Dignidad y participación son dos valores complementarios.
La dignidad es el saber –saber en actos– de sí como sujeto pleno para la empresa, para la aventura y la creación, para la acometida y la defensa del propio logro. Se refiere a la calidad del sujeto, de la persona y aquello que debe ser respetado y cultivado en él para conservarlo como tal. Tiene que ver con lo que el lenguaje psicológico llama “autoestima”, pero que es mucho más que un asunto psicológico, es una condición ética, de la totalidad corpórea.
Conviene diferenciar la dignidad del orgullo que es, más bien, la muestra del oropel, gestos y maneras que distinguen la posición o jerarquía dentro del grupo.
La formación de seres humanos dignos es el propósito fundamental de la educación, sobre todo en cuanto que esa calidad de la persona será la que facilite aprendizajes y creaciones, la construcción del País.
La participación es función de la dignidad, es hacer que cada quien se sienta parte de un todo al que se presiente incompleto sin él y, a la vez, que cada quien se sienta obligado a ese todo, a ese grupo, a esa nación. La participación es un derecho, no algo que se recibe como una dádiva.
De manera que el cultivo de la dignidad se logra con la participación, con el ejercicio social, con la interacción y comunicación, con el reconocimiento.
Pero la participación no se puede esperar obligando al participante a dejar de ser lo que es o, dicho de otro modo, la participación es profunda en la medida en la que quien participa lo hace desde su diversidad, sin negarse, sin tratar de ser el que no es. Ello implica, de parte del maestro, una disposición negociadora en cuanto a la búsqueda de las áreas compartidas por todo el grupo, además de la mediación que debe hacer entre esa diversidad y lo que se busca como aprendizajes. Todo ello, sin impedir la participación, sin acaparar el discurso con lecciones, a veces muy tediosas e ineficaces.
Así, democracia, como está en la Constitución, es participación desde la diversidad en un país que, además de ser multiétnico y multicultural, es, como todos los países, una convergencia de diversidades personales.
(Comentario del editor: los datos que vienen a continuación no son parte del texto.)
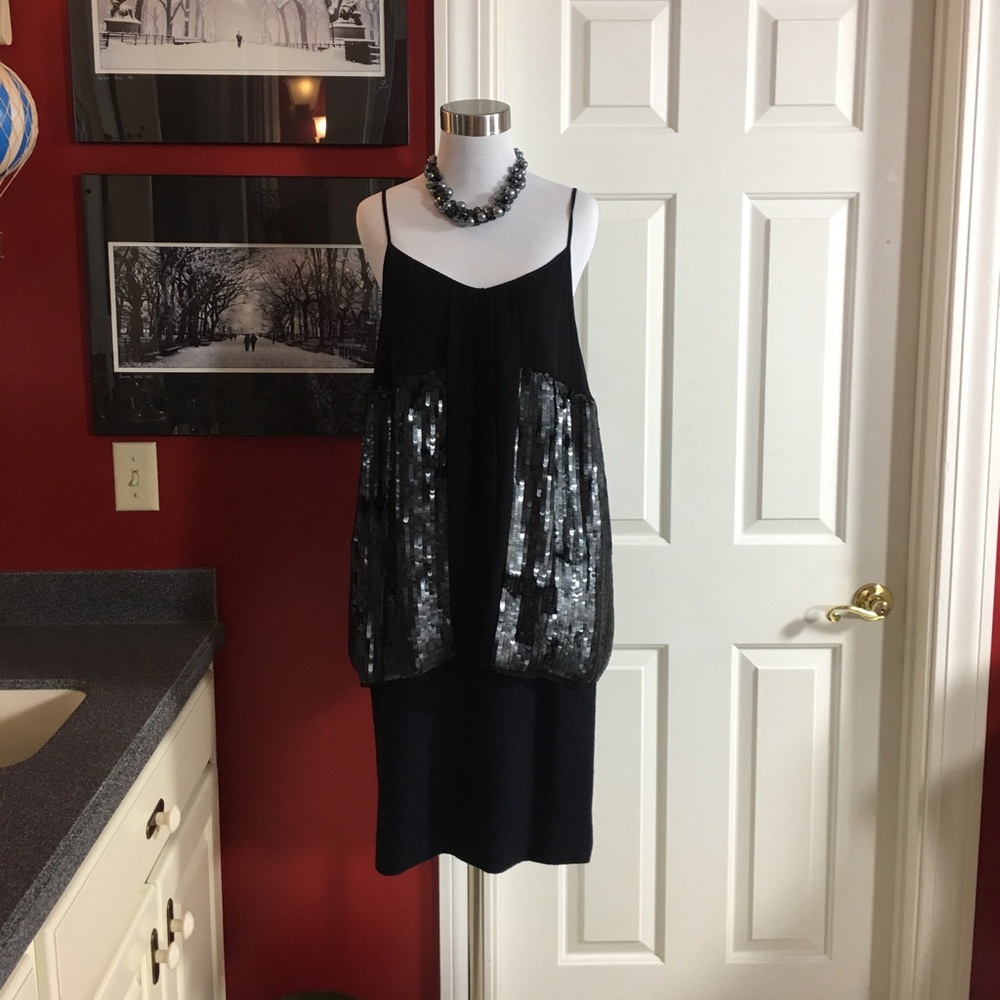 DONATED!  JOIE Sequin Top M Black Spaghetti Strap EUC! - Picture 3 of 8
Si buscamos una educación de calidad, ella no sólo debe lograr cobertura, llegar a todos. Debe también conservarlos, retenerlos en escuelas y universidades. Pero la pobre calidad del sistema educativo hace que porcentajes muy grandes de los jóvenes que ingresan al sistema sean excluidos antes de culminar los diferentes niveles.
Cambiar la calidad debe comenzar por transformar las clases en gratos ambientes de aprendizaje. Ambientes de participación, interacción, cultivo de la dignidad y respeto a la diversidad. Y esto debe estar explícito en el articulado de la Ley que ahora se discute.
Estos cambios deben concebirse como procesos que no serán simplemente determinados por una ley, por muy buena que ella sea. Son procesos difíciles que requieren –además del concurso de todos los venezolanos– persistencia y continuidad, más allá de los giros electorales o políticos. Cambios en los cuales se fortalecerán algunos valores, como la democracia, la participación y la dignidad y se desplazarán otros como la creencia en que el conocimiento se transmite como el agua o la electricidad.